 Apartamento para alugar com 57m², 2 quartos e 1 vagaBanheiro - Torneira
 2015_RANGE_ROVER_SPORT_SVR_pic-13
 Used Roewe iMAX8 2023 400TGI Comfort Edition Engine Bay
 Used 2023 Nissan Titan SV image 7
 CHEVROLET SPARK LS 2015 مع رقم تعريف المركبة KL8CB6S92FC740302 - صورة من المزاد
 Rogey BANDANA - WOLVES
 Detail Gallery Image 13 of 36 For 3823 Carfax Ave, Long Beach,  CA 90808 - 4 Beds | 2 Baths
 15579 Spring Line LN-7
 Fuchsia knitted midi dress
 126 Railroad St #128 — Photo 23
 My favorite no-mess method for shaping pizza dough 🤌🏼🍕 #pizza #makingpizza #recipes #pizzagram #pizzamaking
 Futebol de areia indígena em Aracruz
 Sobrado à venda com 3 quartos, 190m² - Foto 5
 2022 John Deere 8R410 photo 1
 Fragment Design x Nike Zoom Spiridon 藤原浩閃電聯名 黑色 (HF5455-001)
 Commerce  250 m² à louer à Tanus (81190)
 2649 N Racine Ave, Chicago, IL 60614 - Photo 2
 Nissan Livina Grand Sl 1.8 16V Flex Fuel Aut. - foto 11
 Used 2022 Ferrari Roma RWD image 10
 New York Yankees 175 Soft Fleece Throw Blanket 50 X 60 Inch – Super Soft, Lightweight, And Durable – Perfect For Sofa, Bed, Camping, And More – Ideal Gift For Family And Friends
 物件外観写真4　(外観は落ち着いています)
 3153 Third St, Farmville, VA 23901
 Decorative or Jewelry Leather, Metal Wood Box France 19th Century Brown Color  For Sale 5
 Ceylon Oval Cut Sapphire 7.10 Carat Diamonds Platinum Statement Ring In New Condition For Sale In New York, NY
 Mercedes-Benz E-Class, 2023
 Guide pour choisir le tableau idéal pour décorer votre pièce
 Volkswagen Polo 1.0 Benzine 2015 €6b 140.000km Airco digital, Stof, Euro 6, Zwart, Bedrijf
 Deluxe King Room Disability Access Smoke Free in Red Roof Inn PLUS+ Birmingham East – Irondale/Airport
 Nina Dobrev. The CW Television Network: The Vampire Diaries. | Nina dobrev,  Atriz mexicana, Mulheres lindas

(Your task): Every single line of the listing must be retyped exactly.

(Written answer):
 Apartamento para alugar com 57m², 2 quartos e 1 vagaBanheiro - Torneira
 2015_RANGE_ROVER_SPORT_SVR_pic-13
 Used Roewe iMAX8 2023 400TGI Comfort Edition Engine Bay
 Used 2023 Nissan Titan SV image 7
 CHEVROLET SPARK LS 2015 مع رقم تعريف المركبة KL8CB6S92FC740302 - صورة من المزاد
 Rogey BANDANA - WOLVES
 Detail Gallery Image 13 of 36 For 3823 Carfax Ave, Long Beach,  CA 90808 - 4 Beds | 2 Baths
 15579 Spring Line LN-7
 Fuchsia knitted midi dress
 126 Railroad St #128 — Photo 23
 My favorite no-mess method for shaping pizza dough 🤌🏼🍕 #pizza #makingpizza #recipes #pizzagram #pizzamaking
 Futebol de areia indígena em Aracruz
 Sobrado à venda com 3 quartos, 190m² - Foto 5
 2022 John Deere 8R410 photo 1
 Fragment Design x Nike Zoom Spiridon 藤原浩閃電聯名 黑色 (HF5455-001)
 Commerce  250 m² à louer à Tanus (81190)
 2649 N Racine Ave, Chicago, IL 60614 - Photo 2
 Nissan Livina Grand Sl 1.8 16V Flex Fuel Aut. - foto 11
 Used 2022 Ferrari Roma RWD image 10
 New York Yankees 175 Soft Fleece Throw Blanket 50 X 60 Inch – Super Soft, Lightweight, And Durable – Perfect For Sofa, Bed, Camping, And More – Ideal Gift For Family And Friends
 物件外観写真4　(外観は落ち着いています)
 3153 Third St, Farmville, VA 23901
 Decorative or Jewelry Leather, Metal Wood Box France 19th Century Brown Color  For Sale 5
 Ceylon Oval Cut Sapphire 7.10 Carat Diamonds Platinum Statement Ring In New Condition For Sale In New York, NY
 Mercedes-Benz E-Class, 2023
 Guide pour choisir le tableau idéal pour décorer votre pièce
 Volkswagen Polo 1.0 Benzine 2015 €6b 140.000km Airco digital, Stof, Euro 6, Zwart, Bedrijf
 Deluxe King Room Disability Access Smoke Free in Red Roof Inn PLUS+ Birmingham East – Irondale/Airport
 Nina Dobrev. The CW Television Network: The Vampire Diaries. | Nina dobrev,  Atriz mexicana, Mulheres lindas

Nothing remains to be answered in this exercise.